Also on his site he has schematics for pretty much any reel ever made .... I know Barty B uses it for reference


----------



## Newsjeff (Jul 22, 2004)

Surf Cat said:


> I have dealt with Bill, just recieved several sets of the bearings 4x10x4 from him for my custom abus. They are $18.00 a pair for stainless steel abec 7 bearings. I'm a bit confused NJ as the post you showed of WR bearings only indicated ceramic bearings which run for $40.00 a pair on the HJ site.


Cat, you might want to call Bill and double check those are the WR bearings he's selling. Sorry for the confusion, I'm not 100% sure.
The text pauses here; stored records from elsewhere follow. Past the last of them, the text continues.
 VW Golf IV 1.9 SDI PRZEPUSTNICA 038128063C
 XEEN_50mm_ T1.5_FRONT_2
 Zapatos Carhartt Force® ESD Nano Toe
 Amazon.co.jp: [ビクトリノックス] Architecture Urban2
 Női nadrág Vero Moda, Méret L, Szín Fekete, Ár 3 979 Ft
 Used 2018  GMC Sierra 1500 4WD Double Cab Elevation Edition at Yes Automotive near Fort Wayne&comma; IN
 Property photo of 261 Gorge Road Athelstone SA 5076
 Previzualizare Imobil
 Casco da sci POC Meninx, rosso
I thought the bearings Bill sells were from Tommy. I could be wrong though. It does seem awful cheap for ceramics. 

I know for sure the ceramics at HJ are Tommy's. 

Sorry again.


----------



## Mark G (Nov 15, 2004)

*all I'm trying to*

say is stainless bearings will run $15- $20

Ceramics will be $30-$40

I would view any prices outside of those ranges very supicously.
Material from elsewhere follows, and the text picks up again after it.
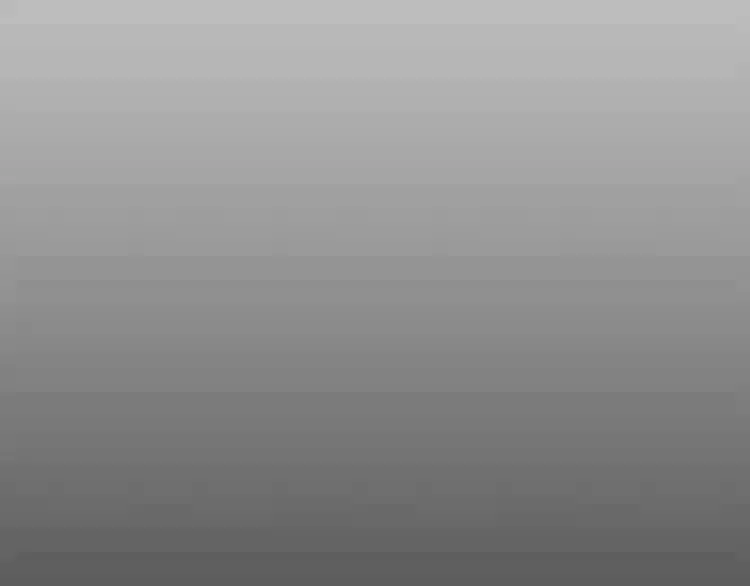 第10话 真相 第53页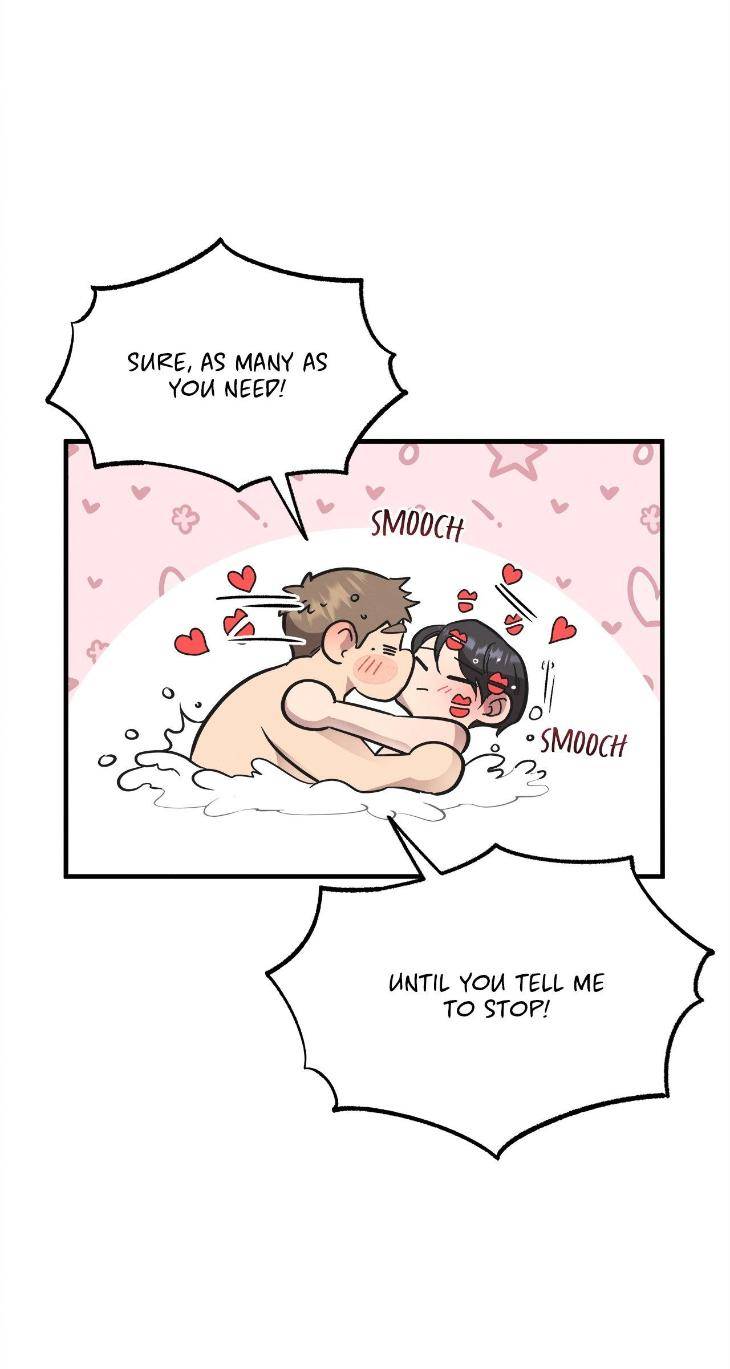Honey-Bear-By-Ruyoung-Eng page 76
NJ I talked with BIll at length about bearings- he talked me out of ceramics and sold me the steel variety at $18.00 a pair. They are indeed excellent bearings.
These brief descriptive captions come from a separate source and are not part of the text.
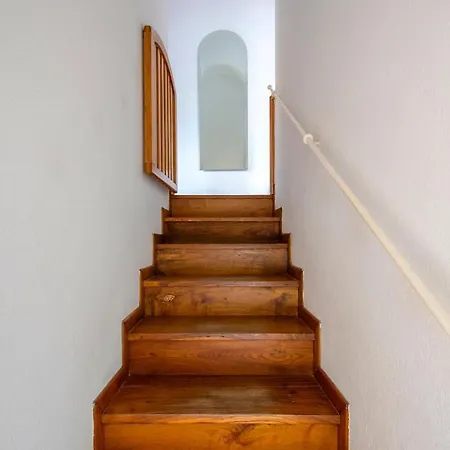 Il Lauro Luxury Villa
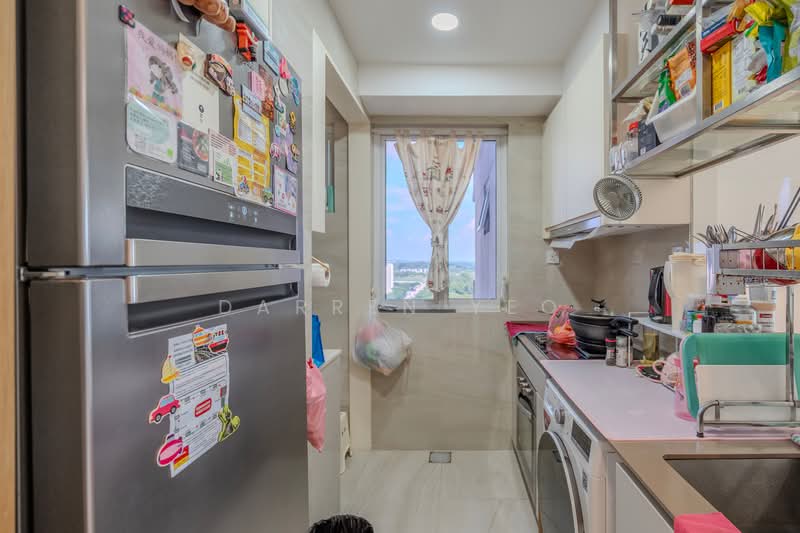 Additional image 5 of 31 Fernvale Road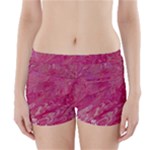 My Pour Cup Painting CBDOilPrincess 5ccf1e57-fc80-4e9f-bf46-a93057c672a9 Boyleg Bikini Wrap Bottoms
I would be very careful in ordering without knowing what you are getting, some of the new Hybrid ceramics are made with a shield that is basically plastic- the shield will actually dissolve when cleaning the bearings in strong substances- such as lighter fluid.


----------



## Newsjeff (Jul 22, 2004)

Surf Cat said:


> The shield will actually dissolve when cleaning the bearings in strong substances- such as lighter fluid.


You're not going to have this problem with Tommy's.

I guess those aren't WR bearings that Bill sells.


----------